近年、交通手段、情報通信技術等の発達により、各国間・各地域間の時間距離が急速に短縮され、国境を越えた人、モノ、情報等の往来が飛躍的に増大している。
このような状況のもとで、我が国でも産業活動に限らず、社会・経済・文化のあらゆる面で、海外からの影響が日常的な問題として地域における住民生活の場にも及んできている。また、在住外国人の増加や、企業の海外取引の増加など、地域レベルでの海外との接触や関係の増大がみられるようになり、さらに環境問題など国境を越えた新たな共通問題の解決の必要性も出てきている。

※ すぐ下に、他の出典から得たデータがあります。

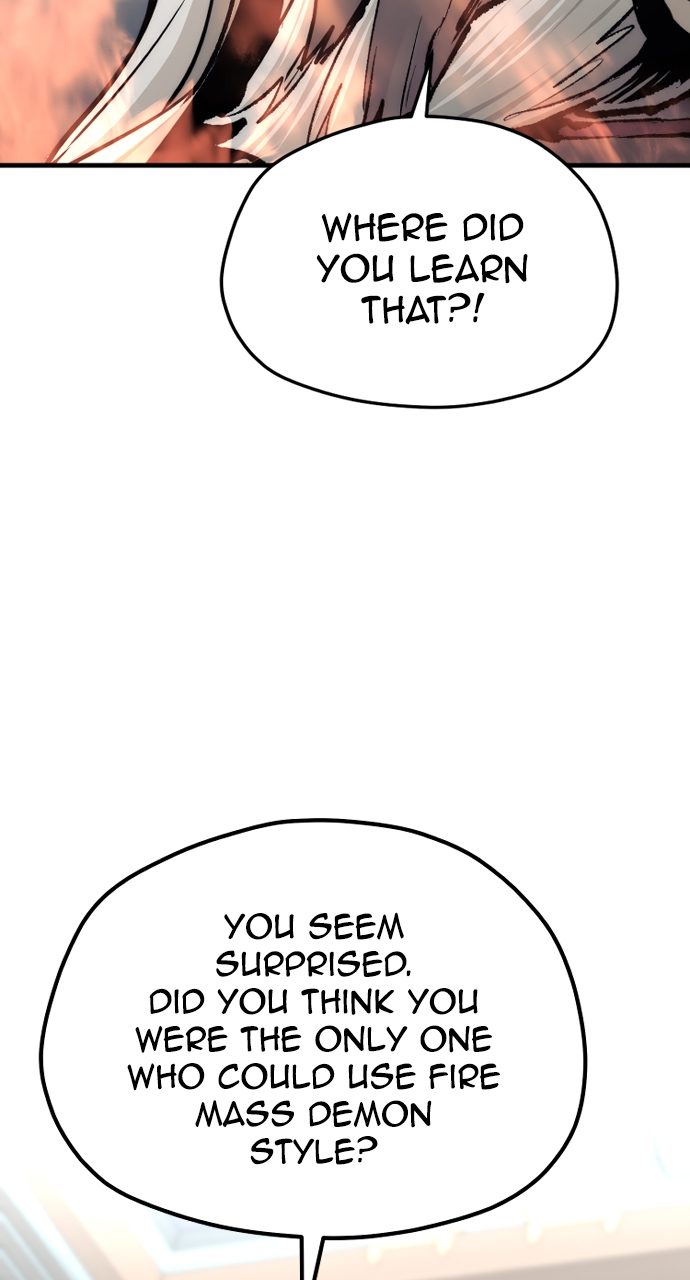 Heavenly Demon Cultivation Simulation Chapter 117 - Page 115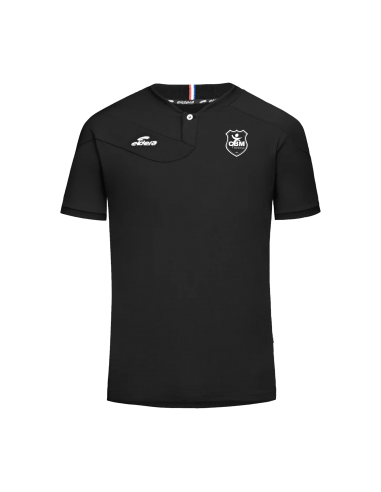 Maillot League CARABINIERS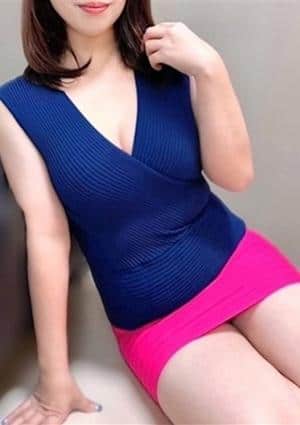 LA BELLA（ラベーラ）堺筋本町ルーム 下野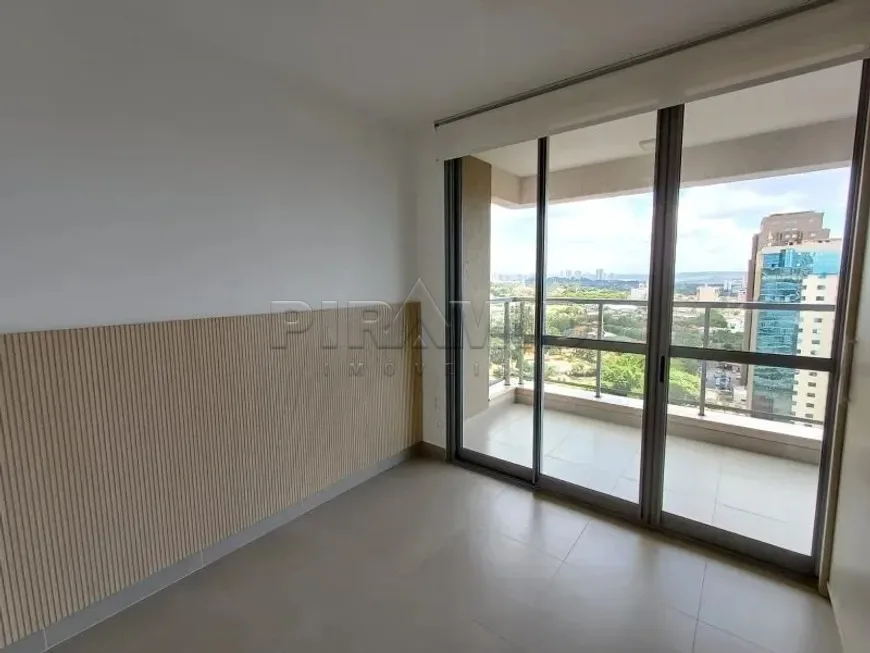 Alugar Apartamento / Padr&atilde;o em Ribeir&atilde;o Preto R$ 3.200,00 - Foto 6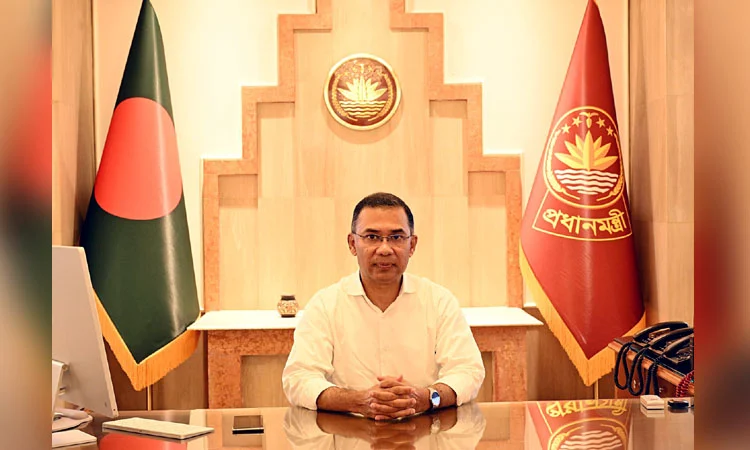 PM to inaugurate Family Card programme on March 10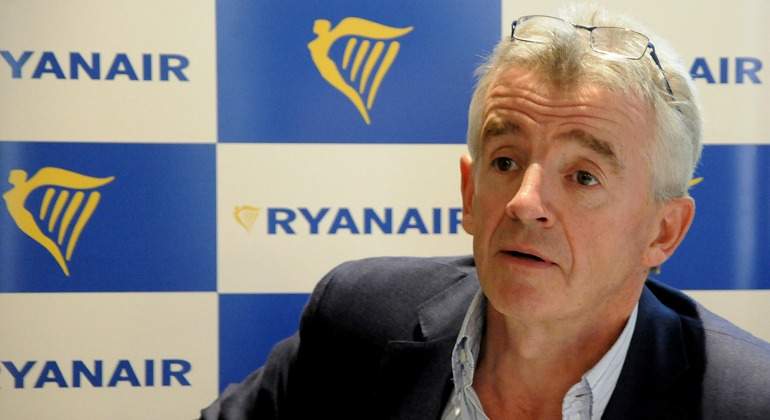 Michael-O-Leary-ryanair-770-dreamstime.jpg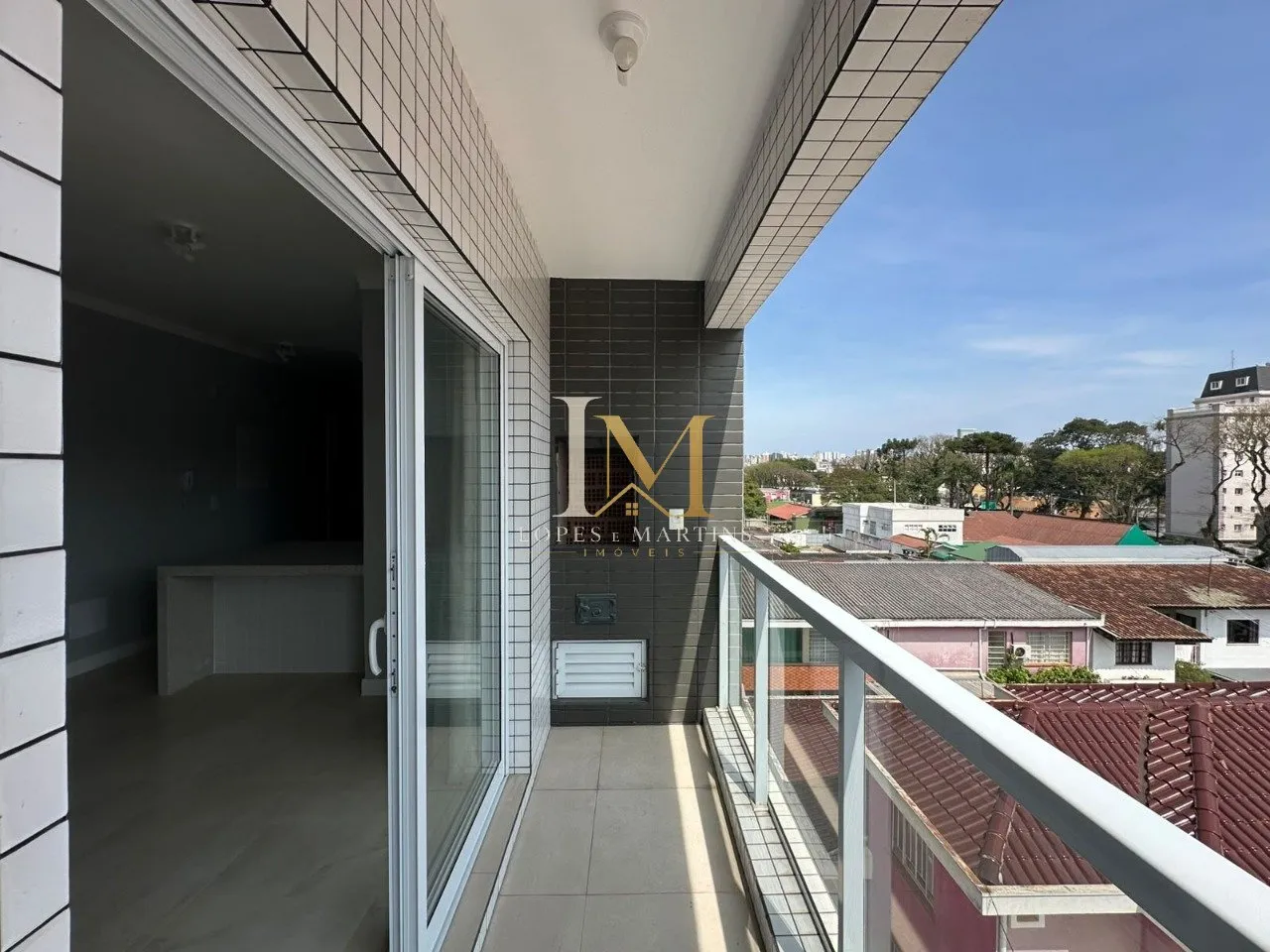 63 m² apartment with a washing machine and a home office — photo 43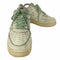 ナイキ NIKE Air Force 1 07 Premium Vintage Sail メンズ JPN:27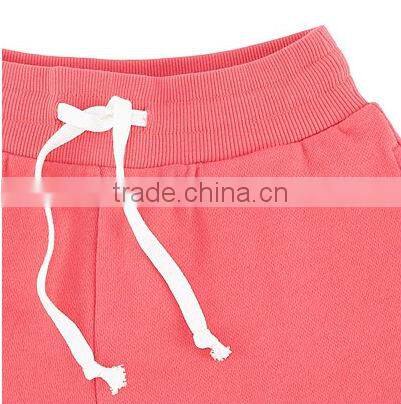 Bulk Loose Sport Pullover Sweater Manufacturers Set women Hoodies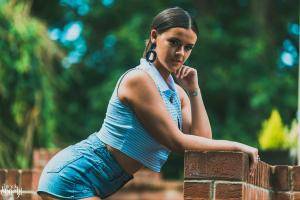 Original 4500 px/ 3000 px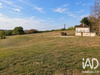 Ma-Cabane - Vente Terrain Jugeals-Nazareth, 1865 m²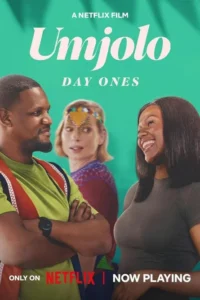 umjolo day ones 2024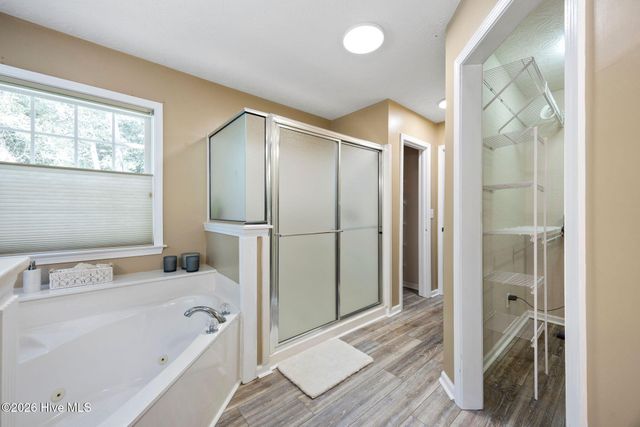 1 Sun Court, Carolina Shores, NC 28467
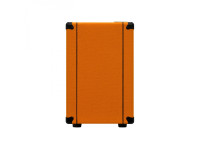 orange-super-crush-100-combo_624d71262ece7.jpg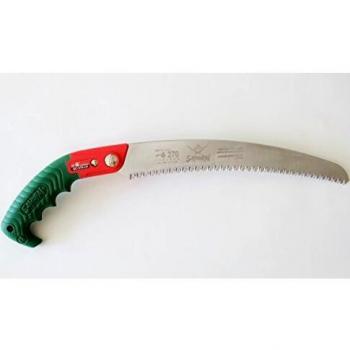 Serrucho Samurai GC Curvo 270 mm.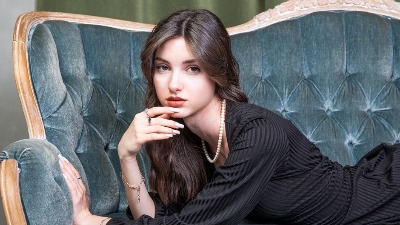 OVA 3 znaka ni u ludilu NE OPRAŠTAJU IZDAJU: Hladni kao špricer - odlaze iz vašeg života zauvek 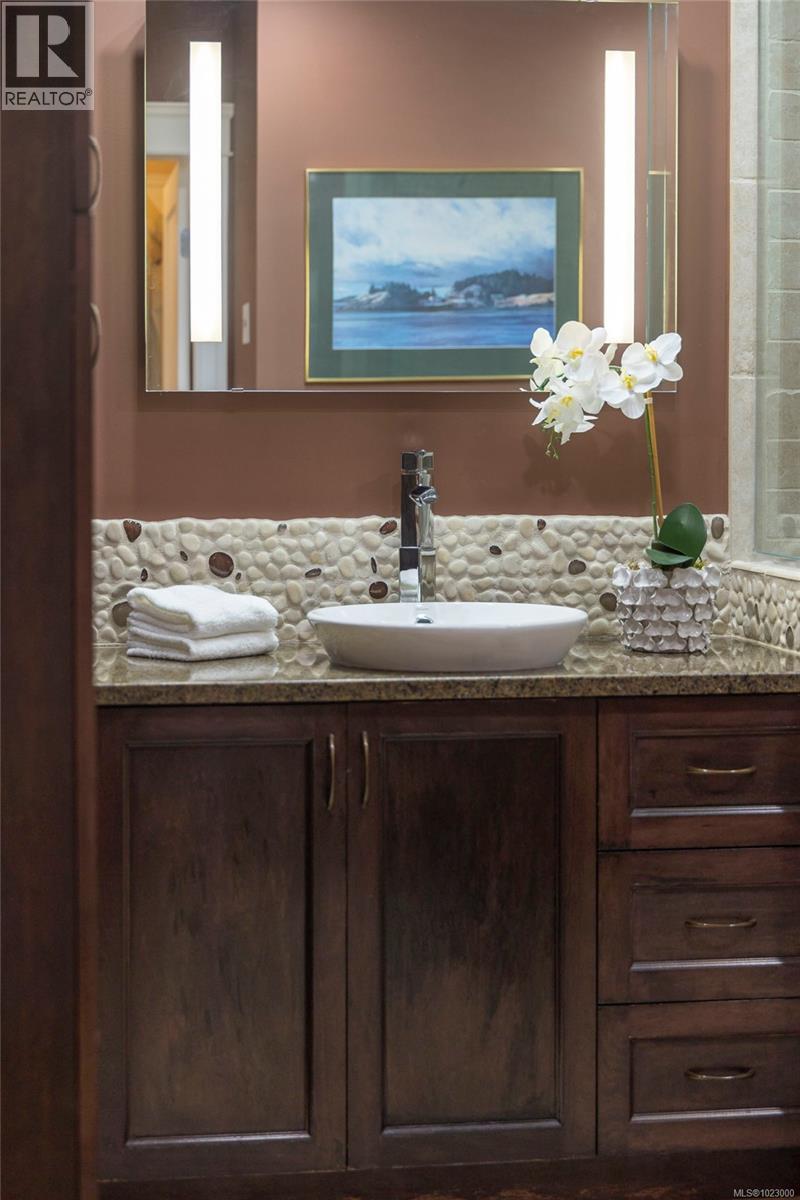 295 St. Charles St, Victoria, British Columbia  V8S 3M9 - Photo 22 - 1023000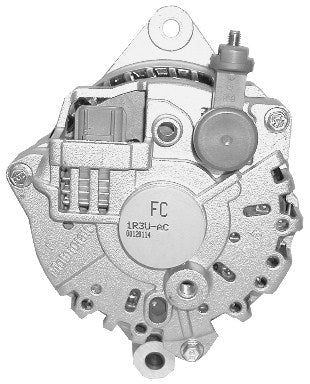 Autotech Engineering HP-8266-240A manufacturer product image 5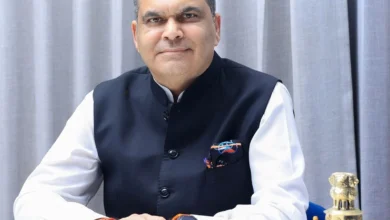 Photo of मान सरकार का बड़ा फैसला, बिजली दरें घटीं, उपभोक्ताओं और उद्योगों को सीधा लाभ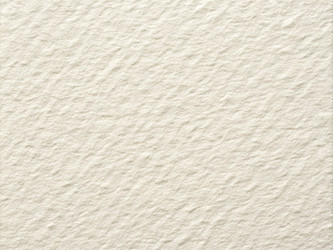 Similar image 22732701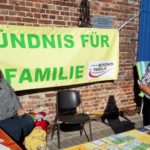 Bauernmarkt Frö 2021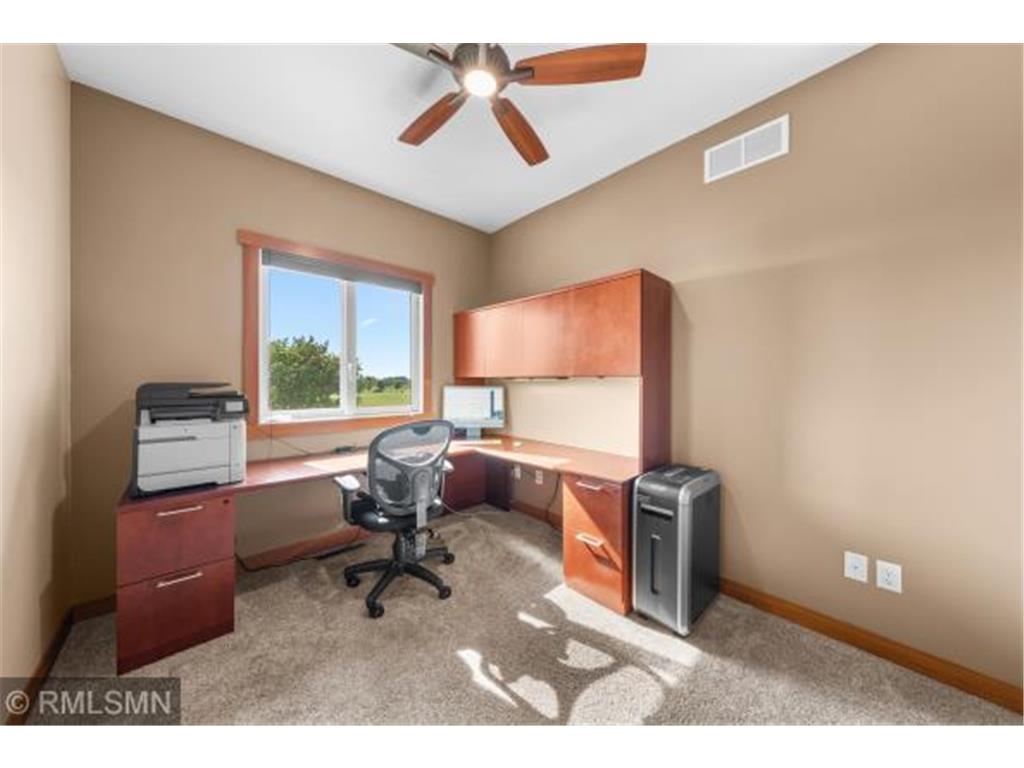 1019 174th Street Hammond WI 54015 7090415 image34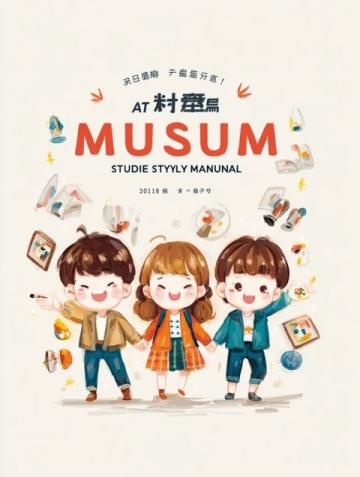 四川藝考文化課集訓：夯實基礎，突破復習難關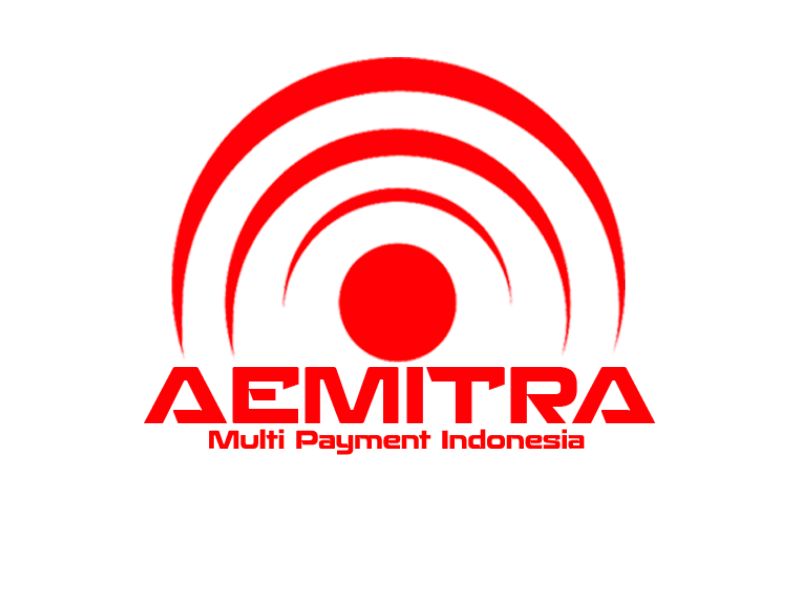 Мульти логотип. Трц форум львів. Mall management group логотип. Multi development. Multi development.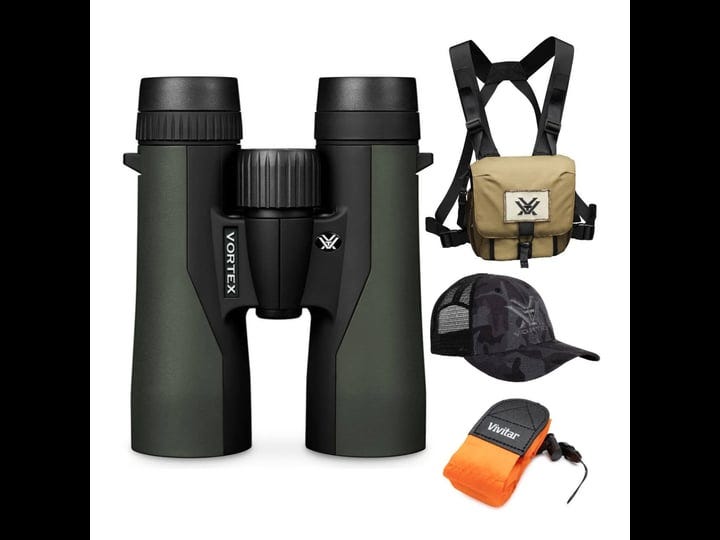 vortex-10x42-crossfire-hd-roof-prism-binoculars-w-floating-strapvortex-hat-1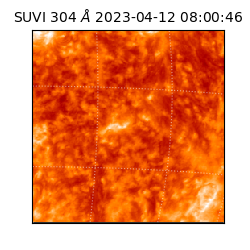 suvi - 2023-04-12T08:00:46.466000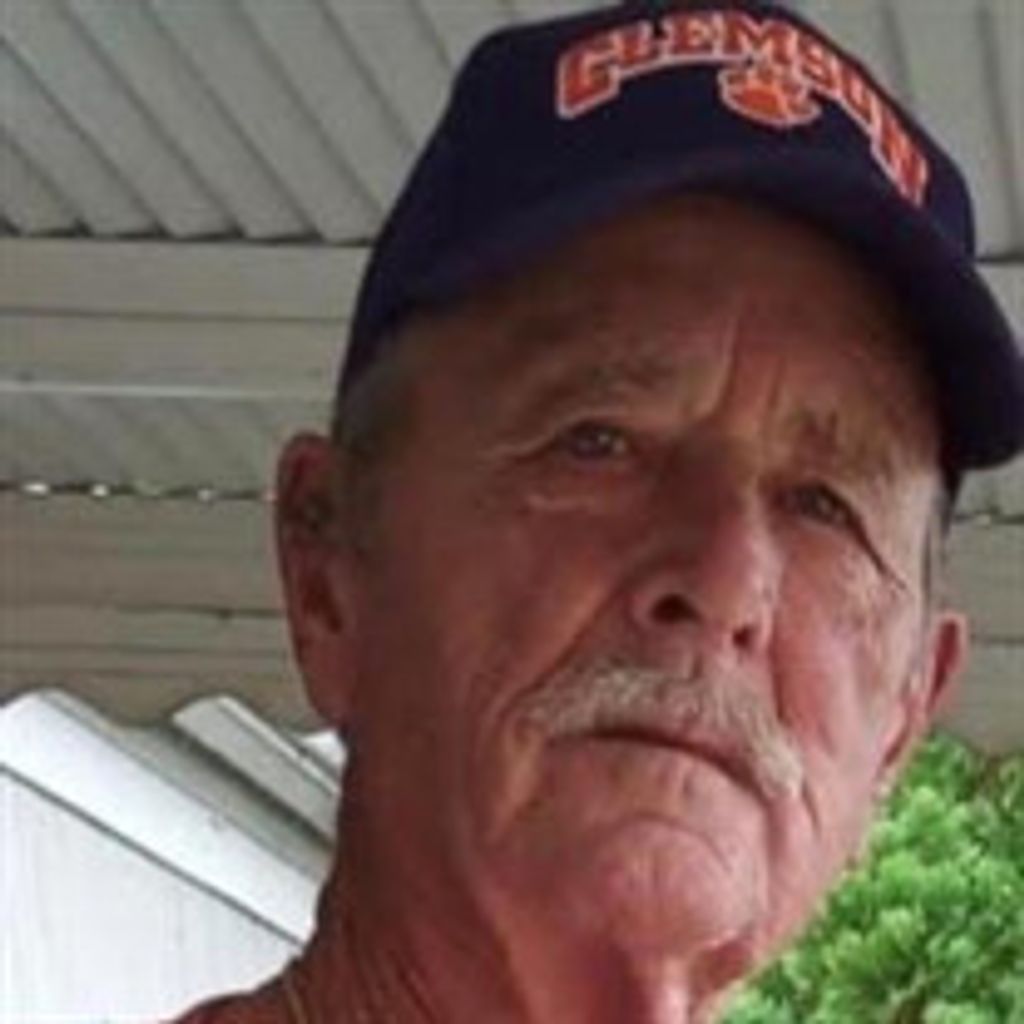 Michael Bruce Messer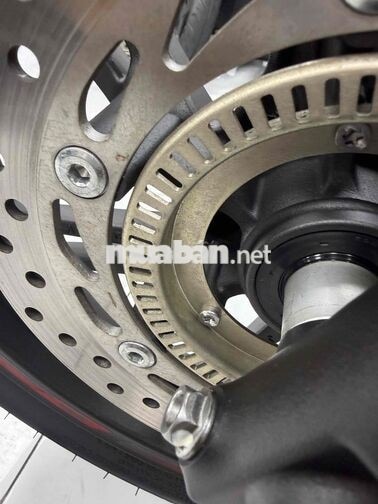 SH350/2023 cọp ( bán 131tr) gớp nợ xấu đậu 100%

このように国の枠を超えた相互依存関係の深まりと、地球的規模の課題の深刻化に伴い、地方公共団体レベルでの国際化や国際交流の果たす役割の重要性が世界的に認識されるようになってきている今日、地方公共団体も、地域社会の開放性を高め、世界に開かれた社会を形成していく必要があるだろう。そのためには、行政、住民、民間組織等が一体となって、総合的かつ計画的に国際化に取り組むことが必要であり、特に地域の総合的な経営主体である地方公共団体は、国際化・国際交流のための施設基盤整備、人材の育成、各種交流事業の実施、在住外国人対策、国際協力などの地域の国際化施策を積極的に推進することが望まれているものと思われる。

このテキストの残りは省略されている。